Assignment –
Of all the lines below, output only those starting at the one with "DENİZ cadisi - HERKÜL" and ending at the one with "stefano bonaccini (ansa baracchi)", both ends included, exactly as written.

Data shown –
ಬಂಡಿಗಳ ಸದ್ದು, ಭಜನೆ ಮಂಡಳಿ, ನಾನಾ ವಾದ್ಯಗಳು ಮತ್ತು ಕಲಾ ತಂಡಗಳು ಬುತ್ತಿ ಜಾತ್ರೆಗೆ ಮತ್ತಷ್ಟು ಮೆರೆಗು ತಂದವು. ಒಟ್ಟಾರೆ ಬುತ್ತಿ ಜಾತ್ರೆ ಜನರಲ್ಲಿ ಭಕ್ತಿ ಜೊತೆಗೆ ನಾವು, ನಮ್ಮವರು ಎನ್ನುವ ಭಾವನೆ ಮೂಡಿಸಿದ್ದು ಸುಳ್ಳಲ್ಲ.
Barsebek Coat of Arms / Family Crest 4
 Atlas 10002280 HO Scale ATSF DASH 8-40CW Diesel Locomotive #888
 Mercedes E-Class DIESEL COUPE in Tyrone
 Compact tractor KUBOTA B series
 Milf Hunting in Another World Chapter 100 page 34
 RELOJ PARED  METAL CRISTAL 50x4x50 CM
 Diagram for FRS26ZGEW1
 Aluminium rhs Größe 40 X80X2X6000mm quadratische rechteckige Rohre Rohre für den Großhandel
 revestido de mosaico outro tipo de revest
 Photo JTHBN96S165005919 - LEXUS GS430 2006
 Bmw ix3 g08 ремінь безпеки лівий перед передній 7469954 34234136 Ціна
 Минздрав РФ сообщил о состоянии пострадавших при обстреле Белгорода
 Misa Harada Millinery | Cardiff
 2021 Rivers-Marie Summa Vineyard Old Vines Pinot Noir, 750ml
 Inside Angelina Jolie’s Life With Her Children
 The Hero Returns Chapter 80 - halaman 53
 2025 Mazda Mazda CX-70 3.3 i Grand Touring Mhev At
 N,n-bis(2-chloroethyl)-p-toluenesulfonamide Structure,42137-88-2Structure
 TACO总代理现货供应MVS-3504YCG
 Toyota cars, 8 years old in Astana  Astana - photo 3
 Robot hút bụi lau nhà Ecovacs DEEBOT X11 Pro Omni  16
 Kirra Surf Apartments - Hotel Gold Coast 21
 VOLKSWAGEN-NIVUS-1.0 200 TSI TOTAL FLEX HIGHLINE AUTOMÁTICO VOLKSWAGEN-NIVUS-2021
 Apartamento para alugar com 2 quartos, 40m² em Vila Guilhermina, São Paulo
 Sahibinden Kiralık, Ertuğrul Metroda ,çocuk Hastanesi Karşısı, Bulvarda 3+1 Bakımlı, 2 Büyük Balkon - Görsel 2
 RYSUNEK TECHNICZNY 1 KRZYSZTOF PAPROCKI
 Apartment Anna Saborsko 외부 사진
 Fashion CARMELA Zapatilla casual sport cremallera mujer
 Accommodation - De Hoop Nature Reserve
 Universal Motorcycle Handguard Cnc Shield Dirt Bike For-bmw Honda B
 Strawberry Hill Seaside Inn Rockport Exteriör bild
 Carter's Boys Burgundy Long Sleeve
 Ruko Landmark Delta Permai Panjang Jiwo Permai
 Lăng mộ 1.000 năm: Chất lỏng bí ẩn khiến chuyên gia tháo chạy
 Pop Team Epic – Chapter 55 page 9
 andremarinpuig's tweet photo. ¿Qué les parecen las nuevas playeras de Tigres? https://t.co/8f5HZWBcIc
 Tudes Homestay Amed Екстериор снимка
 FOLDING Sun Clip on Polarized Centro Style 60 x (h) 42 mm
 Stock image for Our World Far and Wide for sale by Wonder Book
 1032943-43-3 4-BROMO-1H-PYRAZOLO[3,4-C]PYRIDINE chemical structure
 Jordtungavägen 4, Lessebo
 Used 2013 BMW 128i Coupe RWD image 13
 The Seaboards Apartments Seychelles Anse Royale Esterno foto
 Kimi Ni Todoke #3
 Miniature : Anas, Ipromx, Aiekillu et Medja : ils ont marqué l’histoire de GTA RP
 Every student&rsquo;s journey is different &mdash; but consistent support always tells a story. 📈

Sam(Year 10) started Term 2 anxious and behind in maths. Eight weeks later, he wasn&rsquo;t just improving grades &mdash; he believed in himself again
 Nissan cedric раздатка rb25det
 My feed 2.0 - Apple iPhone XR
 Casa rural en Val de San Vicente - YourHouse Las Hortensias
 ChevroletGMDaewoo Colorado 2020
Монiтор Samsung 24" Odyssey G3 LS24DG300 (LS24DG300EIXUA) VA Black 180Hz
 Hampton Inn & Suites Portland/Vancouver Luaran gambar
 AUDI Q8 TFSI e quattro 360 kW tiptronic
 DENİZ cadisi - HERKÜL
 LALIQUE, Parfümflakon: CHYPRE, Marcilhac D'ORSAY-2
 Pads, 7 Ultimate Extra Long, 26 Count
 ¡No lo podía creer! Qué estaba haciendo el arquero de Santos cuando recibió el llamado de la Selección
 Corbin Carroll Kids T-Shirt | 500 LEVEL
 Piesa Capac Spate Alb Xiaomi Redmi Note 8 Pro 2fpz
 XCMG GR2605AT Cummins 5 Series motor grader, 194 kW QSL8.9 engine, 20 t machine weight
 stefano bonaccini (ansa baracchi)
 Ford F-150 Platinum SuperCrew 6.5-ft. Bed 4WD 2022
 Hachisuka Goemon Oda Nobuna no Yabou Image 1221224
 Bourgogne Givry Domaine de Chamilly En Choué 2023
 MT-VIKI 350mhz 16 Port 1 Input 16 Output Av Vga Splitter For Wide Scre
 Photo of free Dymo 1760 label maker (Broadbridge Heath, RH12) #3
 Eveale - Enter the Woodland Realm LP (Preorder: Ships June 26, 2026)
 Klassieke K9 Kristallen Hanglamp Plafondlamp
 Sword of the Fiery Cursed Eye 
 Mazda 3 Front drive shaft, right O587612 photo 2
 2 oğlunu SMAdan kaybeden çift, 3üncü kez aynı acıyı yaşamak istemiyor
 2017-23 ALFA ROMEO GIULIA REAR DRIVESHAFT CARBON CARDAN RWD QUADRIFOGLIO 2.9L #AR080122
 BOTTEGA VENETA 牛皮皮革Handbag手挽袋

Answer for the task –
 DENİZ cadisi - HERKÜL
 LALIQUE, Parfümflakon: CHYPRE, Marcilhac D'ORSAY-2
 Pads, 7 Ultimate Extra Long, 26 Count
 ¡No lo podía creer! Qué estaba haciendo el arquero de Santos cuando recibió el llamado de la Selección
 Corbin Carroll Kids T-Shirt | 500 LEVEL
 Piesa Capac Spate Alb Xiaomi Redmi Note 8 Pro 2fpz
 XCMG GR2605AT Cummins 5 Series motor grader, 194 kW QSL8.9 engine, 20 t machine weight
 stefano bonaccini (ansa baracchi)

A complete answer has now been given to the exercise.